[Information provided — start]
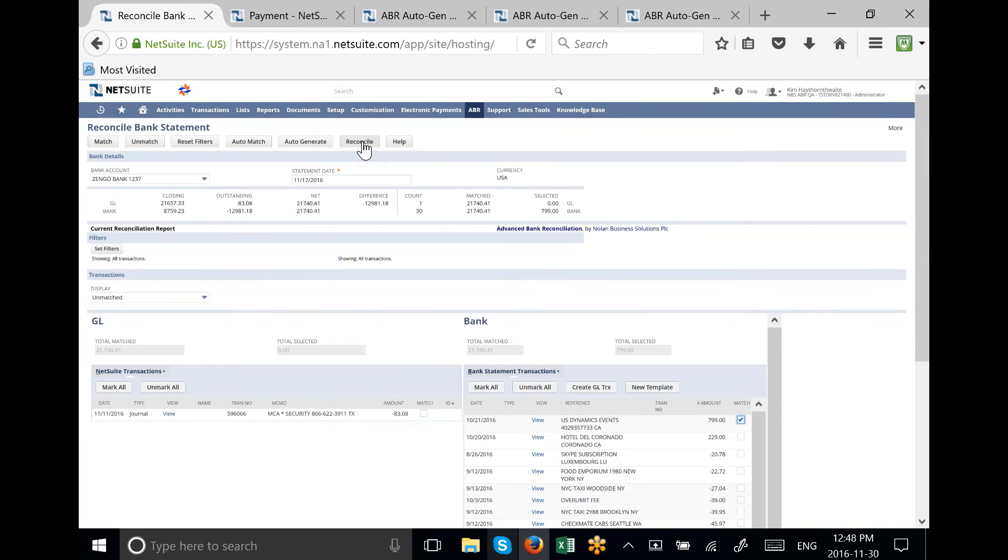The final step, after all the transactions have been cleared off the right-hand side of the screen, which is the bank statement side, would be to hit the reconcile button. And then you are ready for your next day's reconcile.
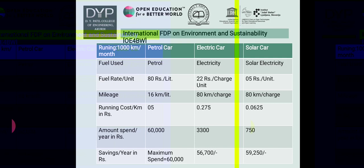Comparing petrol, electric, and solar cars: the fuel rate for a petrol car is 80 rupees per litre, electric car 22 rupees per charge unit, and solar only 5 rupees per unit. Mileage is 16 km per litre for petrol, and 80 km per charge for both electric and solar. Running cost per km is 5 rupees for petrol, 0.275 rupees for electric, and 0.0625 rupees for solar. Annual spend is 60,000 rupees for petrol, 3,300 for electric, and 750 for solar, giving savings of 56,700 and 59,250 rupees for electric and solar respectively.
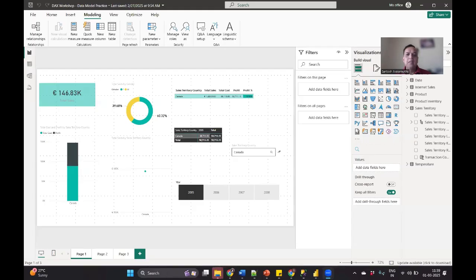Hi. So we all know that whenever we publish our report from desktop, two things will be moved to Power BI service. One is the semantic model and the other one is the report itself. Now what actually is a semantic model and what does it contain? Let's see that today.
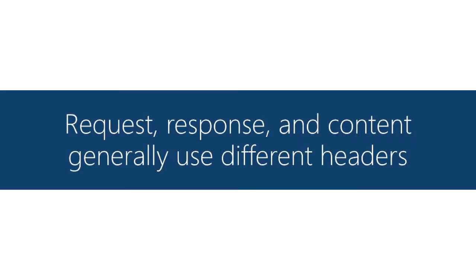Generally the type of headers that you put in each of those three collections will be different. That's not a hundred percent true. There's a few that get used in more than one place but generally these are disjoint sets of headers.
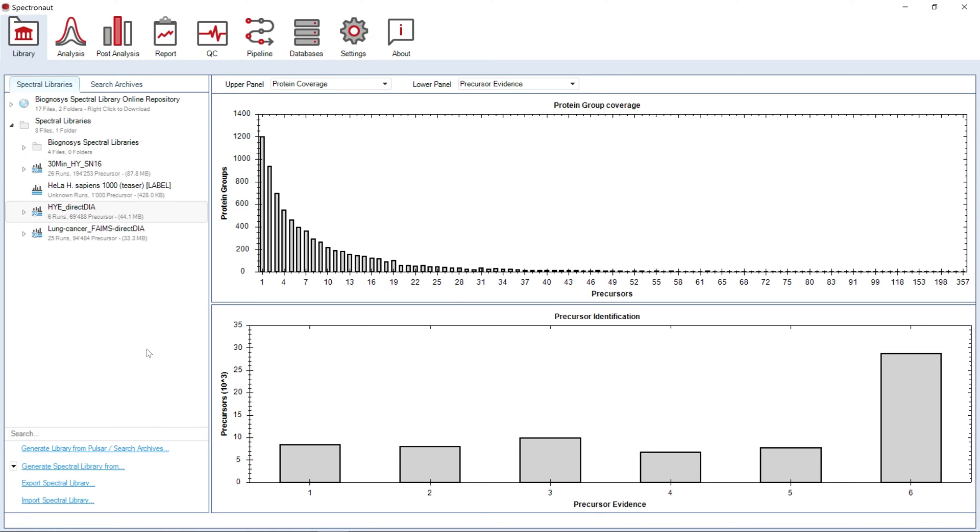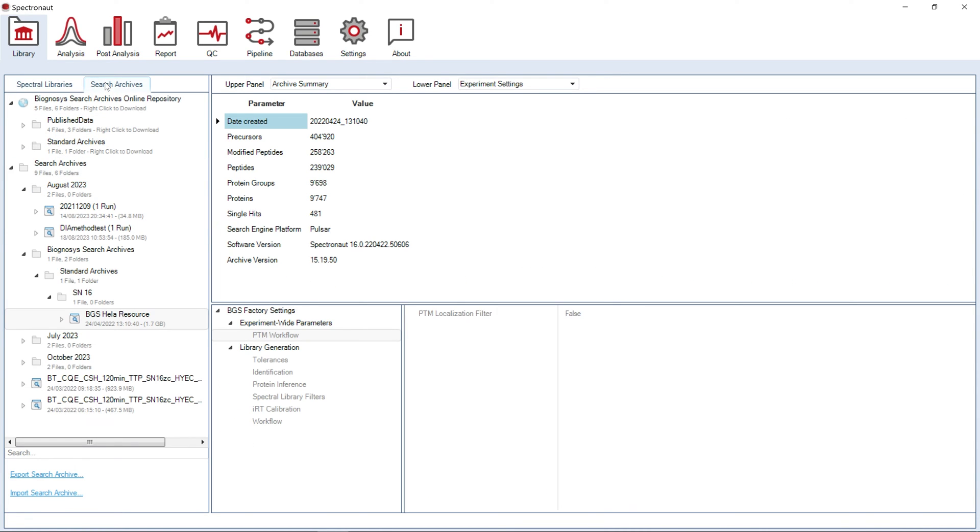Every time a search is performed, Spectronaut will save the results PSMs in a search archive. These search archives can be used to generate new libraries without the need for searching previously processed runs from scratch.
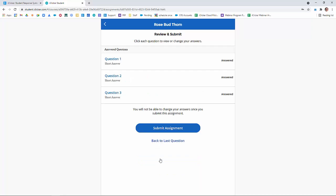Once students have answered all of the questions, they're given a chance to review their answers, and when they're happy with what they've done, they can submit the assignment.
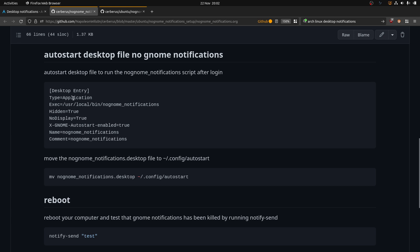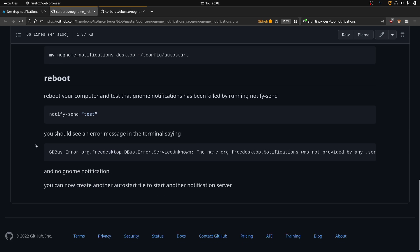The .desktop file has: type=Application, Exec set to the path of the script at /usr/local/bin/no_gnome_notifications, Hidden=true, NoDisplay=true — that stops it showing up in your application launcher. Then X-GNOME-Autostart-enabled=true, and a Name and Comment. All you need to do then is move that file to ~/.config/autostart and reboot.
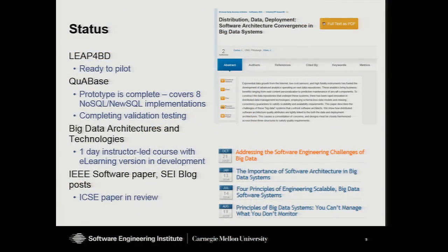Where are we now? The LEAP for BD method is complete, and we're looking for opportunities to transition and pilot it in real systems. The KBase prototype is complete and will be going live by January 1st. One outcome of this research is a course — both instructor-led and e-learning. We also have a completed IEEE Software paper available at the desk, plus a couple of additional papers currently in review.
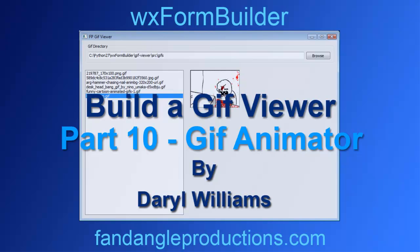Hi there, I'm Daryl Williams from fandangleproductions.com. Welcome to part 10 of how to build a GIF viewer using WXFormBuilder.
[Information provided — finish]
What is expected: Exactly the lines from the one that contains "Every time a" through the last line of the records should be set down, and the pictures should be dropped.

Task output:
Every time a search is performed, Spectronaut will save the results PSMs in a search archive. These search archives can be used to generate new libraries without the need for searching previously processed runs from scratch.
Once students have answered all of the questions, they're given a chance to review their answers, and when they're happy with what they've done, they can submit the assignment.
The .desktop file has: type=Application, Exec set to the path of the script at /usr/local/bin/no_gnome_notifications, Hidden=true, NoDisplay=true — that stops it showing up in your application launcher. Then X-GNOME-Autostart-enabled=true, and a Name and Comment. All you need to do then is move that file to ~/.config/autostart and reboot.
Where are we now? The LEAP for BD method is complete, and we're looking for opportunities to transition and pilot it in real systems. The KBase prototype is complete and will be going live by January 1st. One outcome of this research is a course — both instructor-led and e-learning. We also have a completed IEEE Software paper available at the desk, plus a couple of additional papers currently in review.
Hi there, I'm Daryl Williams from fandangleproductions.com. Welcome to part 10 of how to build a GIF viewer using WXFormBuilder.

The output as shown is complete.